VISTAGY, Inc. is a business segment within the Siemens Digital Industries Software business unit and is located in Waltham, Massachusetts, USA. On December 6, 2011 Siemens closed its acquisition of VISTAGY. VISTAGY is a provider of engineering software and services focused on the specific requirements of vertical industries, including aerospace, automotive, marine, and wind energy. The company has sales and support offices throughout North and South America, Asia, and Europe. VISTAGY was founded by Steve Luby in 1991. He serves as the unit's president and CEO.

VISTAGY products are fully integrated into commercial 3D computer–aided–design platforms, including Siemens NX, Dassault Systèmes CATIA V4 and V5, and PTC Creo.

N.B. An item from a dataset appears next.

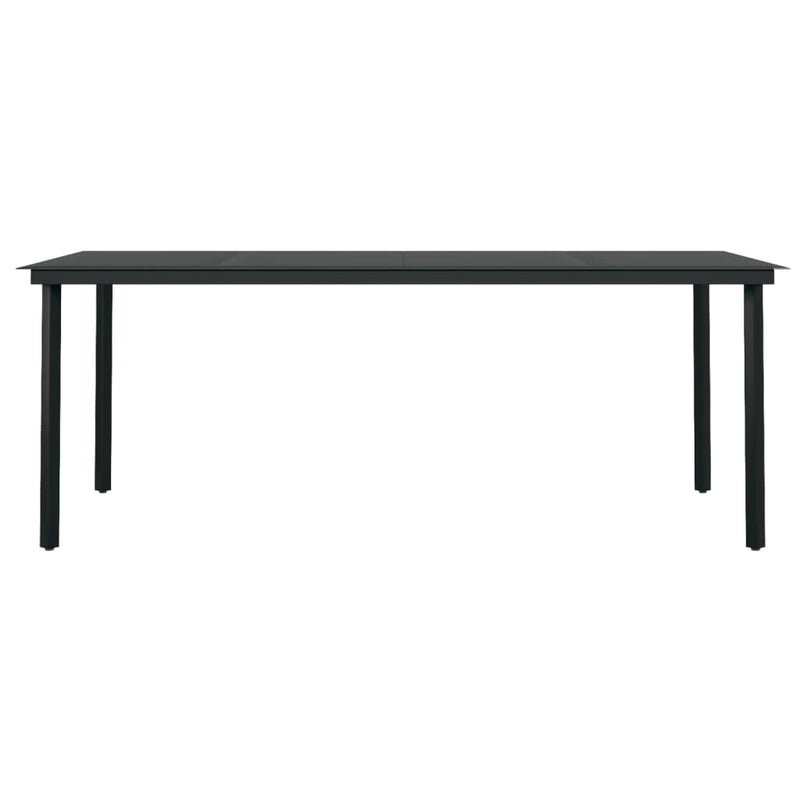 vidaXL fekete acél és üveg kerti étkezőasztal 200 x 100 x 74 cm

VISTAGY's software applications include:
 FiberSIM for designing and manufacturing composite structures
 SyncroFIT for designing and manufacturing airframe assemblies and large aerostructures
 Quality Planning Environment (QPE) for developing plans to assess aerostructure quality
 Seat Design Environment for designing and manufacturing transportation seat systems and interior components

The company supplies manufacturers in the aerospace, wind energy, automotive, and marine industries, including Bombardier Aerospace, General Motors, NASA, Nordex, Lotus Renault GP, and Howaldtswerke-Deutsche Werft (HDW).

References

Further reading
 "Siemens acquires materials software firm Vistagy for undisclosed terms” Boston Business Journal (November 9, 2011)
 "Vistagy acquisition closes” Reinforced Plastics (December 9, 2011)
  VISTAGY Series Page on the Siemens PLM Software Web site

External links
 
  "Coordinating CAD for Product Lifecycle" Aviation Week  (October 20, 2011)
 "Not just another road trip" Reinforced Plastics (October 11, 2011)
 "Vistagy Survey Benchmarks Composites Best-Practices" Design News (August 15, 2011)
 "The holistic approach" Aerospace Manufacturing (July 16, 2010)
 NASA Tech Briefs (November 1, 2009)
 "Formula 1 team accelerates design-to-track speed" High-Performance Composites (May 1, 2008)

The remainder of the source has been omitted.